Korgeneral Metin Gürak, darbe girişiminde yaşadıklarını anlattı.

Gürak: 5 kişilik özel kuvvet ekibi...
Gürak: 5 kişilik özel kuvvet ekibi...
GİRİŞ 29.07.2016 12:49 GÜNCELLEME 29.07.2016 12:49

4. Kolordu ve Ankara  Garnizon Komutanı Korgeneral Metin Gürak, Fetullahçı Terör Örgütü'nün (FETÖ)  darbe girişimine ilişkin soruşturma kapsamında mağdur sıfatıyla verdiği ifadede,  darbecilerin kendisini Genelkurmay Başkanlığında derdest ettiğini söyledi.  Korgeneral Gürak, savcılıkta verdiği ifadede, olay günü kolorduda  normal mesaisini yürütürken saat 18.30 sıralarında Genelkurmay Başkanı Orgeneral  Hulusi Akar'ın emir subayının makamdan kendisini telefonla aradığını anlattı.

Orgeneral Akar'ın telefonda kendisine, "Etimesgut Zırhlı Birlikler  Okulu ve eğitimTümen Komutanlığında bir tank dahi çalışmayacak. İkinci bir emre  kadar tank hareketi olmayacak." dediğini aktaran Gürak, Akar'ın ayrıca, Kara  Havacılık Komutanlığında hiçbir hava aracının uçmasına müsaade edilmemesini,  havadaki vasıtaların da indirilmesini emrettiğini ve bu emirlerin tebliğ  edilmesini istediğini belirtti. Bunun üzerine,Mamak'ta bulunan Kolordu Karargahı binasından 1-2  dakika içinde hareket edipEtimesgut'a yola koyulduğu bilgisini veren Gürak,  şöyle devam etti: "Cuma akşamı olduğu için çok yoğun trafik vardı. Yolda, Kara Havacılık  Komutanı Tümgeneral Hakan Atınç'ı telefonla arayarak havada helikopter ya da uçak  olup olmadığını sordum. Kendisi şu saat itibarıyla havada helikopter olmadığını,  5 adet T-182 eğitim uçağının da Temelli civarında eğitim uçuşunda olduğunu  söyledi. Ben de kendisine eğitim uçuşunda olanları derhal havaalanına indirmesini  söyledim. Kendisi bana bu uçakları Ankara Güvercinlik Ana Üssü'ne döndürmeyi  teklif etti.
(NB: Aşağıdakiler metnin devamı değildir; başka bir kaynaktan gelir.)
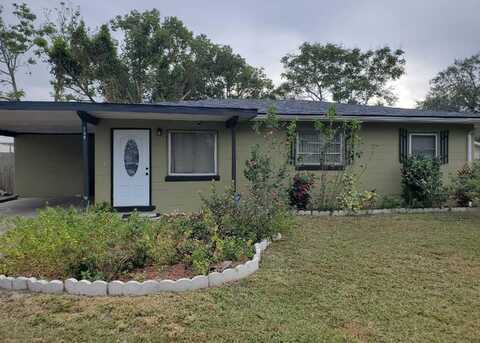 108 5TH JPV STREET, WINTER HAVEN, FL 33880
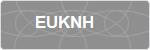 EUKNH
Ben işin acil olduğunu düşünerek, uçakların Ankara'ya gelmeden  bulundukları yer olan Temelli'deki küçük havaalanına indirilmesini emrettim.  Etimesgut'a giderken yolda Zırhlı Birlikler Okul Komutanı Tümgeneral Erdoğan  Akyol'u arayarak, nerede olduğunu sordum. Bir düğüne gitmek üzere hazırlık  yaptığını söyledi. Ben de kendisine bir konu hakkında görüşmek üzere Etimesgut'a  geldiğimi ve makamında beni beklemesini söyledim. Konunun ne olduğunu sordu. Ben  de 'Telefonda söylemeyeyim. Gelmek üzereyim' dedim."
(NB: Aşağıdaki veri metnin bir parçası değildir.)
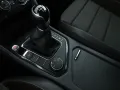 Seat Tarraco 1.5 TSI ACT Xcellence*NAVI*CAM*ACC*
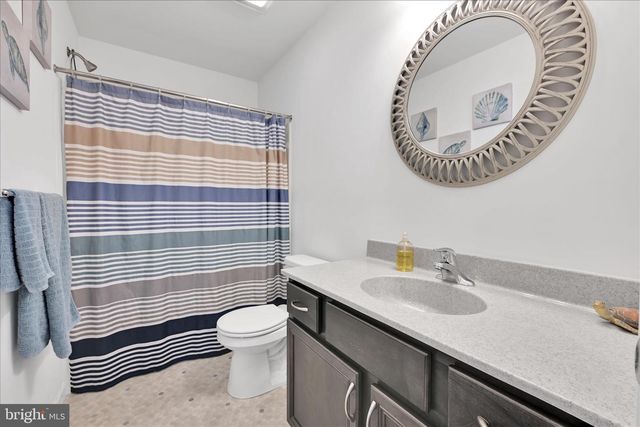 631 FIELDSTONE DR, Annville, PA 17003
'İKİNCİ EMERE KADAR TANK HAREKETİNE MÜSADE ETMEYİN'

Gürak, saat 19.00 sıralarında Etimesgut'taki Zırhlı Birlikler Okulu'na  ulaştığını belirterek, nizamiyeden itibaren komutanlık karargahına kadar anormal  bir hareketlilikle karşılaşmadığını, komutanlık binası önünde Tümgeneral Erdoğan  Akyol tarafından karşılandığını bildirdi. Korgeneral Gürak, şu ifadeleri kullandı: "Tümgeneral Akyol'a o an itibarıyla hareket eden tank olup olmadığını  sordum. Varsa durdurulmasını emrettim. Kendisi bana, 'Her yıl bu dönemde böyle  darbe olacak diye söylenti çıkıyor. Bu da bizi çok üzüyor. Bize güvenilmiyor mu?  Bundan alınıyorum. Geçmiş yıllarda da bu şekilde bakılmıştı' dedi ve hiçbir tank  hareketinin olmadığını, tankların garajlarında emniyet altında, her türlü tedbir  alınarak durduğunu söyledi. Ben de gün içinde bir intikal yapıp yapmadıklarını  sordum. Kayıtlarına bakıp, o gün Şereflikoçhisar'a tank atışları için 4 tank ve 4  zırhlı personel taşıyıcısının çekicilerle gönderildiğini, bunun rutin bir  uygulama olduğunu, gerekli yol mesajlarının da ilgili makamlara iletildiğini  bildirdi."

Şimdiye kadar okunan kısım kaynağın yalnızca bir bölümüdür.